Assigned task: Output the records precisely as they stand. Pictures are to be skipped.

Data listing:
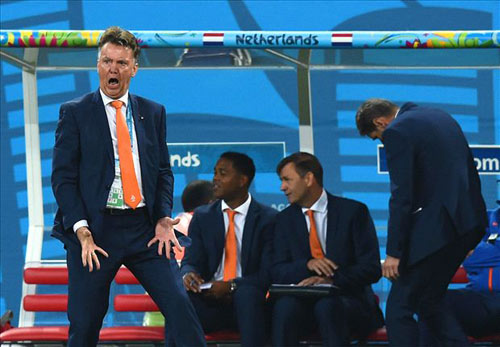 Mehmet Scholl chỉ trích gay gắt chiến thuật của Van Gaal - 1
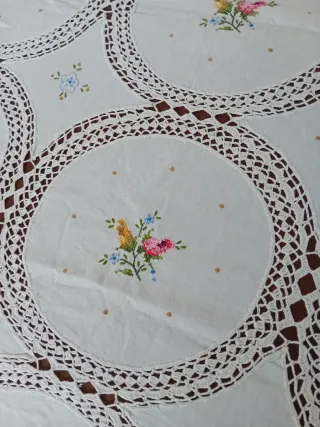 Tovaglia ricamata a mano 250x130 cm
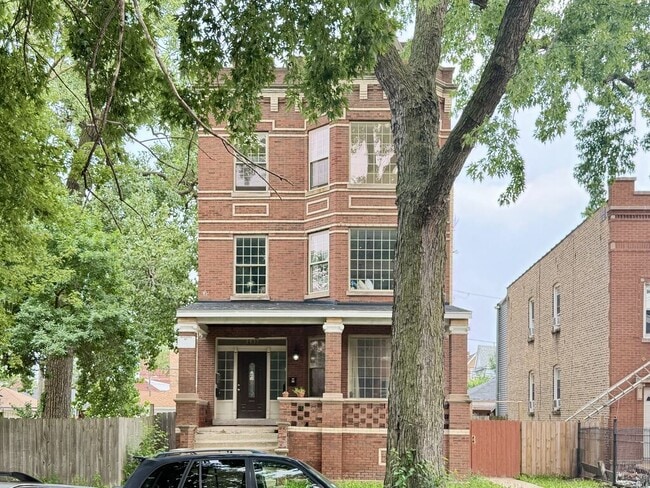 Building Photo - 2537 N Kildare Ave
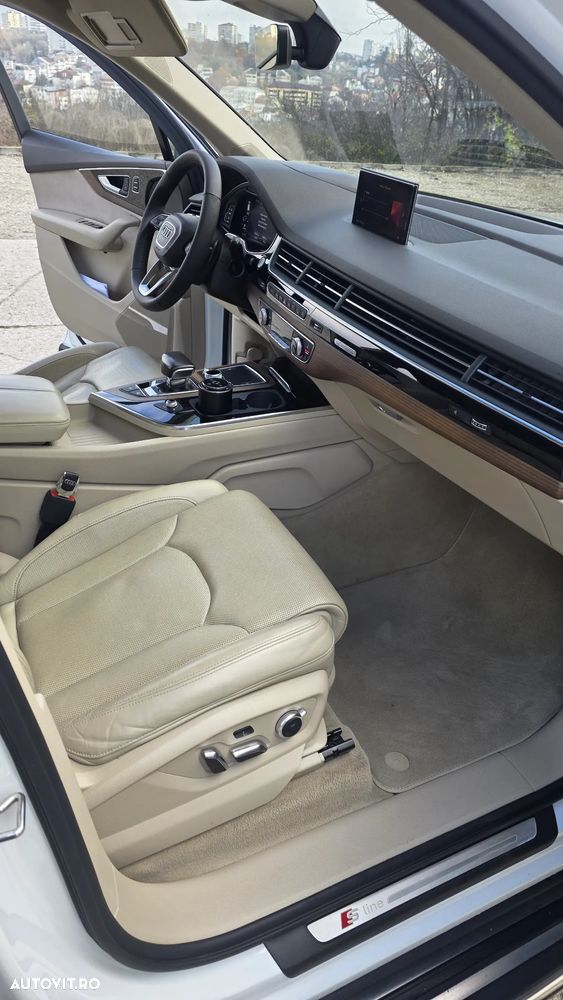 Audi Q7 - 15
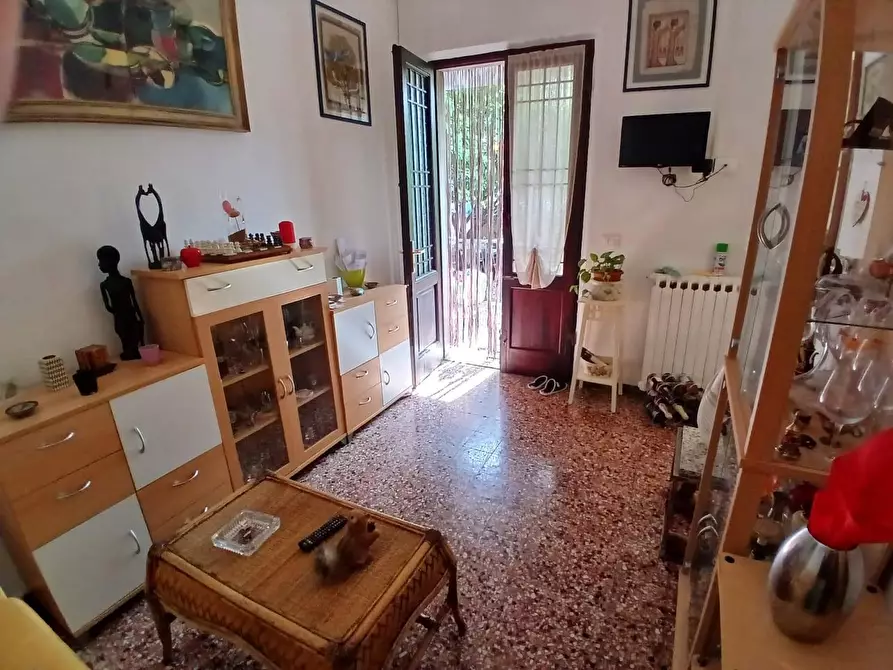 Immagine 3 di Porzione di casa in vendita  a Massa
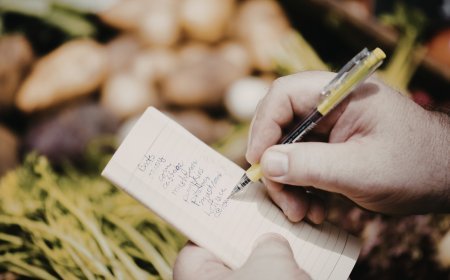 The Gut-Healing Grocery List: 10 Foods That Rebuild Your Microbiome in 2026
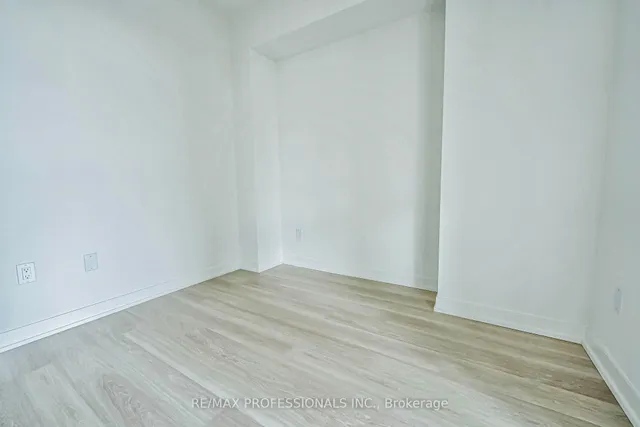 Additional image 13 of 500 Wilson Ave Unit 724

Answer space:
 Mehmet Scholl chỉ trích gay gắt chiến thuật của Van Gaal - 1
 Tovaglia ricamata a mano 250x130 cm
 Building Photo - 2537 N Kildare Ave
 Audi Q7 - 15
 Immagine 3 di Porzione di casa in vendita  a Massa
 The Gut-Healing Grocery List: 10 Foods That Rebuild Your Microbiome in 2026
 Additional image 13 of 500 Wilson Ave Unit 724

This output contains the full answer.